Probability of even sum of $n$ integers with uniform distribution from $\{1,2,\dots, 2n\}$.

Question

Choosing with Uniform distribution $n$ numbers from $\{1,\dots,2n\}$ with returns and the order is important. What is the probability that the sum of these number will be even?

Thanks.

Answer 1

You can prove that the answer is $1/2$ by induction. Denote with $E_n$ the event that after $n$ draws the sum is even.

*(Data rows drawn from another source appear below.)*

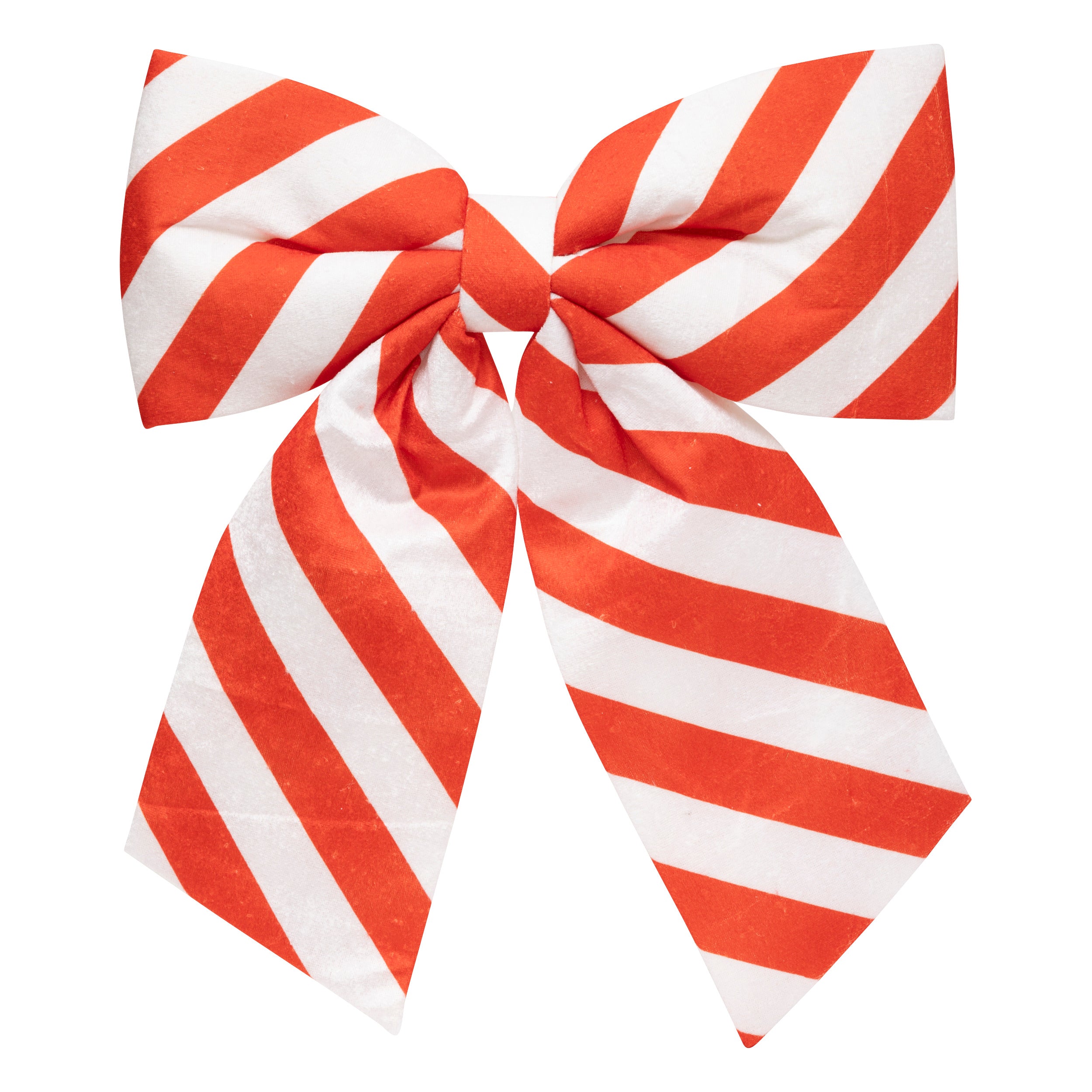 Féréric Lights and Christmas Christmas String - Ensemble de 2 - Striped Red avec blanc - 40x60cm - pour l'arbre de Noël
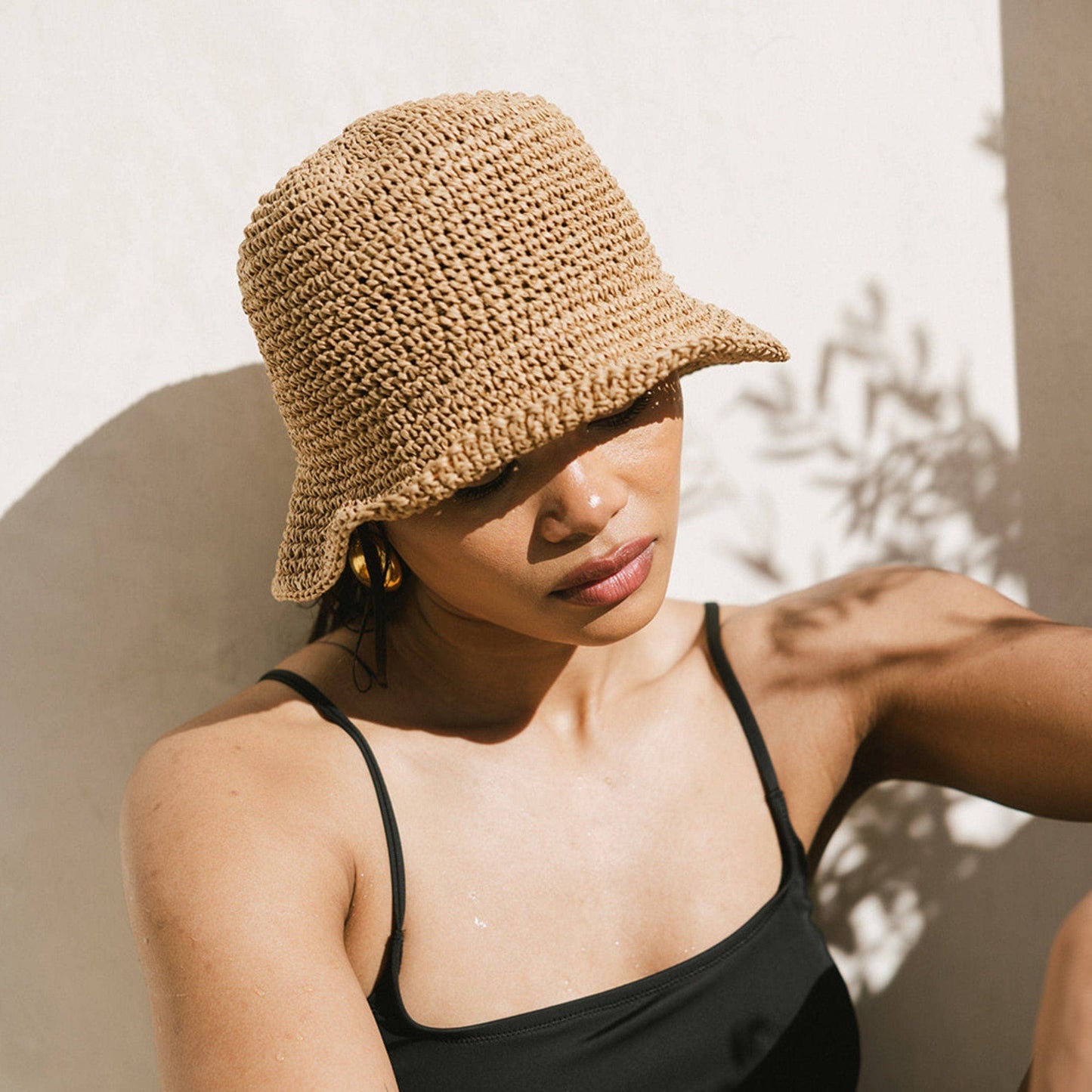 GiGi Pip Sal Crochet Packable Bucket Hat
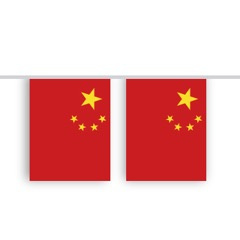 Vlaggenlijn CHINA stof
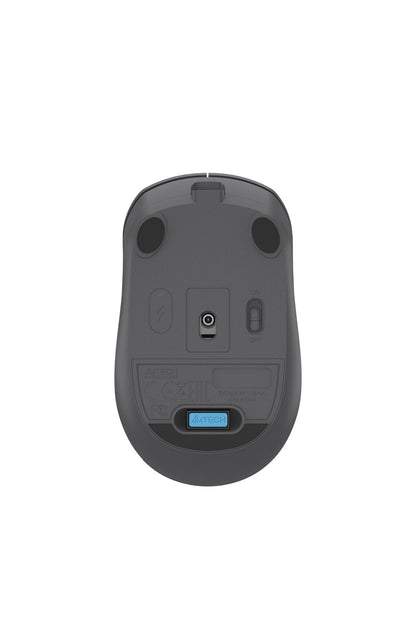 A4Tech - A4Tech FG15CS Air2 Grey Compact Dual-Mode Silent Wireless Mouse - grey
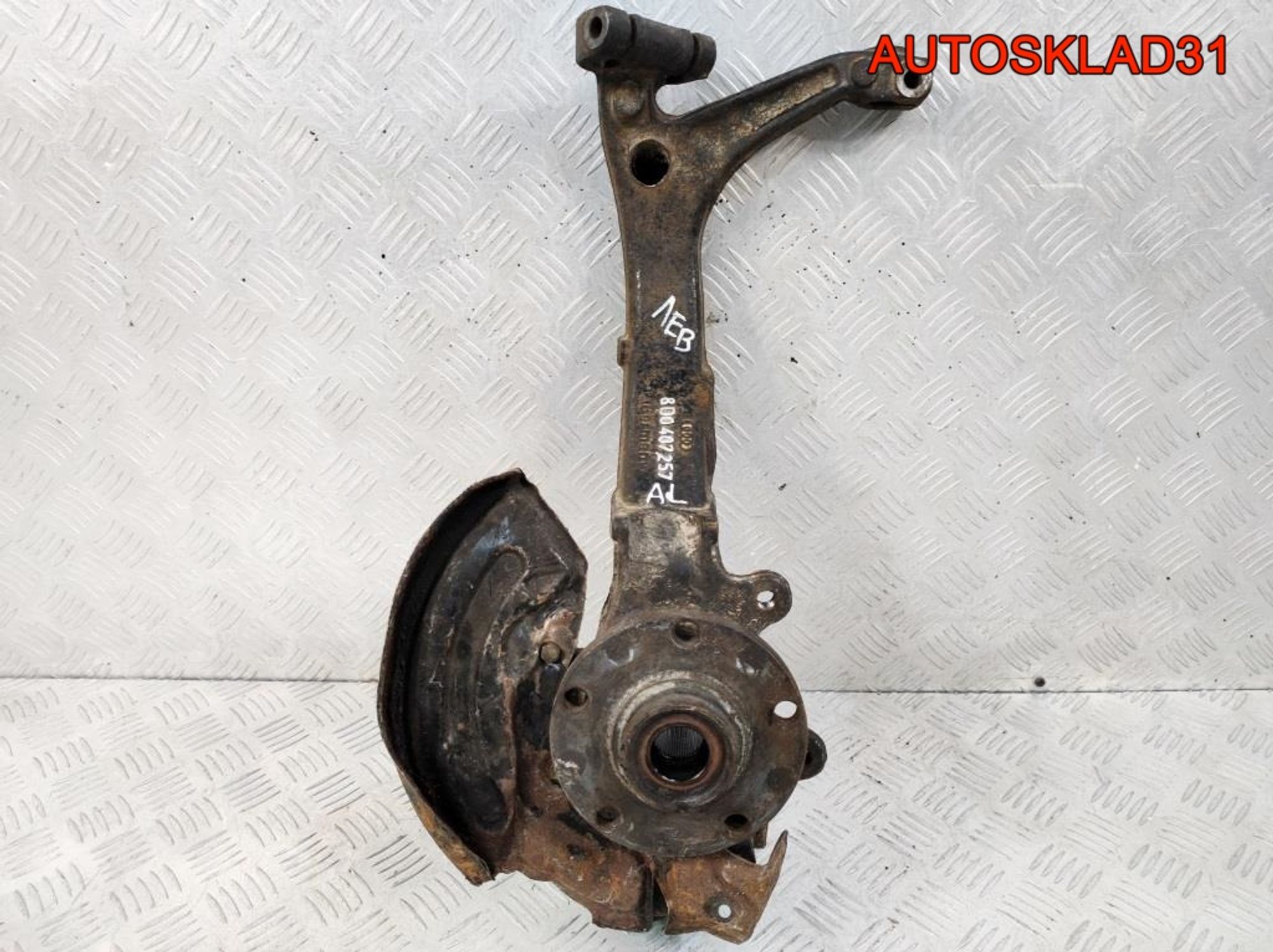 Кулак передний левый VW Passat B5 8D0407257AL, 1200 рублей, Дубовое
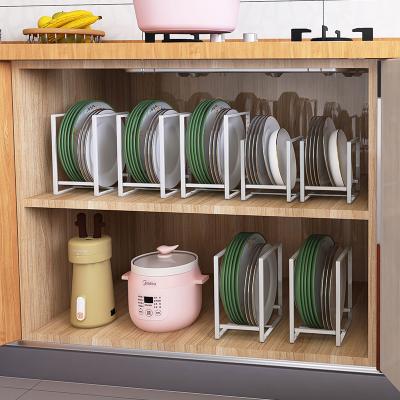 China Top Selling Viable Guaranteed Quality White Metal Kitchen Drain Bowl Display Rack for sale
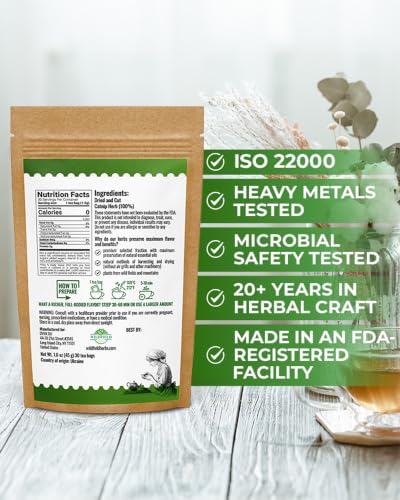 Image of 30 Bags Catnip Tea Catnip Herb Tea (Nepeta L.) - 30 Count 1.5g Bags Cat Nip Leaf Herb Hierba Gatera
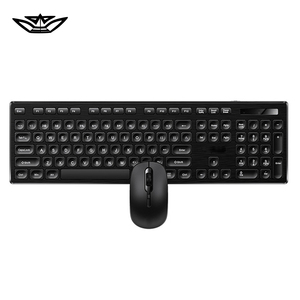 LVKIDRON Clavier multimédia silencieux 2.4G Récepteur 10m Connexion stable Clavier sans fil Souris Combos AA Batterie pour ordinateur portable - Product Image 6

• Base case: $n=1$. You draw $1$ number from $\{1,2\}$. Obviously, the probability that the sum is even, is equal to the probability that you draw $2$, is equal to $1/2$, i.e. $$P(E_1)=\frac12$$
• Induction step. Assume this holds for $n$, i.e. that $P(E_n)=\frac12$. Then for $n+1$ you draw $n+1$ numbers from $\{1,2,\dots, 2n+2\}$. Hence \begin{align}P(E_{n+1})&=P(E_{n+1}\mid E_n)P(E_n)+P(E_{n+1}\mid E_n^c)P(E_{n}^c)\\[0.2cm]&=P\left(\text{draw even number from}\{1,2,\dots, 2n+2\}\mid E_n\right)\frac12\\[0.2cm]&\phantom{.}+P\left(\text{draw odd number from} \{1,2,\dots, 2n+2\}\mid E_n^c\right)\frac12\\[0.2cm]&=\frac12\frac12+\frac12\frac12=\frac12\end{align}

Note that order did not play a role.

Answer 2

If a number can appear more than once, then this is easily seen to be $\frac12$. You can see this if you stop to catch your breath after you've drawn the first $n-1$ numbers. Then you realize that whether the total sum will become even or odd depends only on whether the last number (that you haven't drawn yet) is even or odd (the sum might end up having the opposite parity of the last number, if the sum of the first $n-1$ numbers is odd, but that doesn't change things).

Since the last number has equal odds of being even or odd, the whole sum has equal odds of being even or odd.